The president’s own thinking in relation to appointments of this kind was revealed in his 8th January speech earlier this year. This is what he said on that occasion:

“We reiterate what we said in our 2007 Strategy and Tactics document that we place a high premium on the involvement of our cadres in all centres of power.

ANC cadres have a responsibility to promote progressive traditions within the intellectual community, which includes our universities and the media.

We also need their presence and involvement in key strategic positions in the State as well as the private sector, and will continue strategic deployments in this regard.”

In a parliamentary committee set up to consider the new regulations relating to judges, embarrassed looks and guilty glances were exchanged when the presidential utterance quoted above came up in the deliberations and the question was raised as to whether “all centres of power” includes the judiciary. The president himself has never addressed this properly, but has in the past been critical of the independence of the judiciary because he does not seem to appreciate that the law means what, in the final analysis, the Constitutional Court says it means, not what the executive and legislature would like it to mean. His recent speech at the Access to Justice Conference again illustrated his view that the will of the executive should be regarded as paramount. This would be the case if the hegemony of the national democratic revolution were attained. In fact and in law, the will of the executive is constrained by what the Constitution allows. This is because conduct inconsistent with the Constitution can be struck down as invalid by the courts in accordance with the provisions of its section 2.

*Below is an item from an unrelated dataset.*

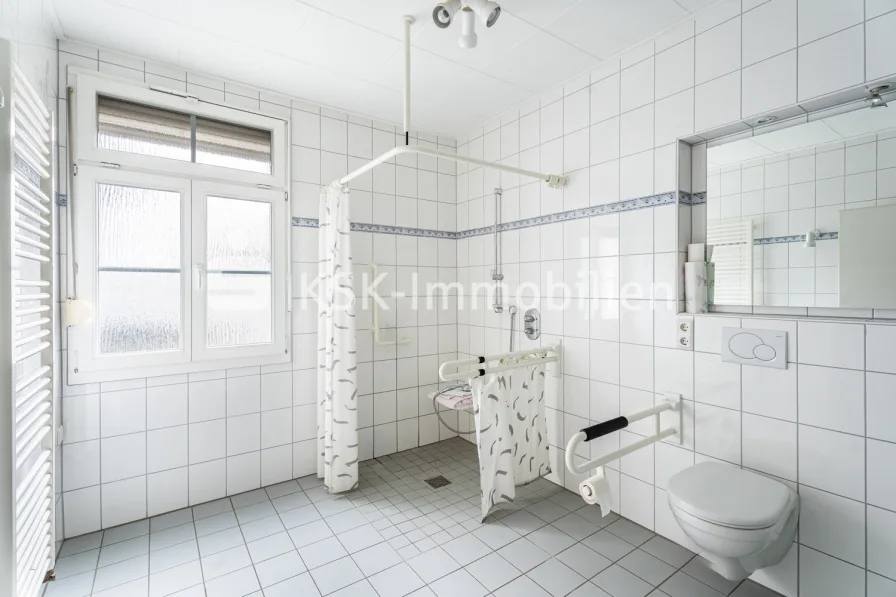 136200 Badezimmer Erdgeschoss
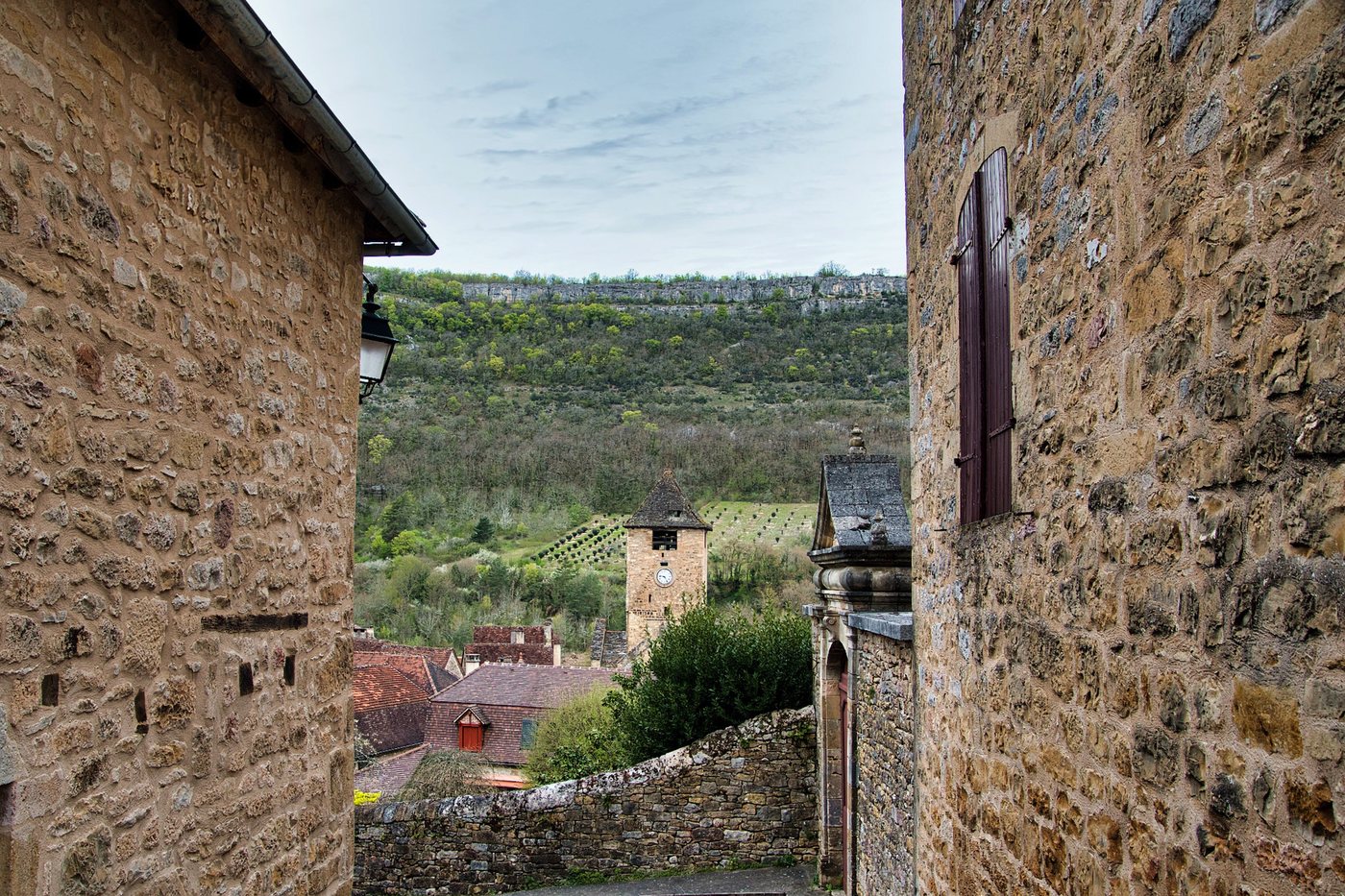 Le village entre deux façades, Autoire dans le Lot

It is usually the case that decisions taken “by a majority” in the JSC are those where the cadres come up against the lawyers and unaligned members of the JSC who make an honest attempt to interpret and apply the Constitution. The cadres simply do the bidding of Luthuli House, as Ntsebeza SC has indicated he will do when (or if) he is consulted about the fitness of the president’s nominee for the highest judicial office in the land.

It is plainly anti-democratic to disallow the nomination of other candidates, and the JSC’s refusal to do so, undermines the whole consultation process envisaged in the Constitution. Meaningful consultation over the merits and demerits of a single candidate is a somewhat sterile exercise, especially when that candidate is said to be the fourth choice of the president, with those picked ahead of him refusing to accept nomination for whatever reasons.

Simply because the term “after consultation” does not envisage the reaching of consensus on a candidate, it is important for the nation that the process be seen to be conducted in a bona fide and open fashion with the opportunity to introduce fresh ideas, perspectives and candidates to a president who brings an open mind to the process, with a view to finding the best available person for the chief justice post.

The courts have accepted a meaning for the term “consultation” as it is used in section 174(3):

“‘consultation’ in its normal sense, without reference to the context in which it is used, denotes a deliberate getting together of more than one person or party (also indicative of the prefix ‘con-‘) in a situation of conferring with each other where minds are applied to weigh and consider together the pro’s and cons of a matter by discussion or debate”

The matter for discussion here is the appointment of a new chief justice from the pool of legal talent now available; it is not the merits or demerits of a lone particular “preferred candidate” pre-selected, without the benefit of any proper consultation, and in a manner so lacking in openness that it is calculated to deprive the process of the required bona fide interaction. The cart-before-the-single-dead-horse approach of the president and the majority of the JSC is indeed likely to thwart the true purpose of the process. The country and its highest court will be the poorer for this.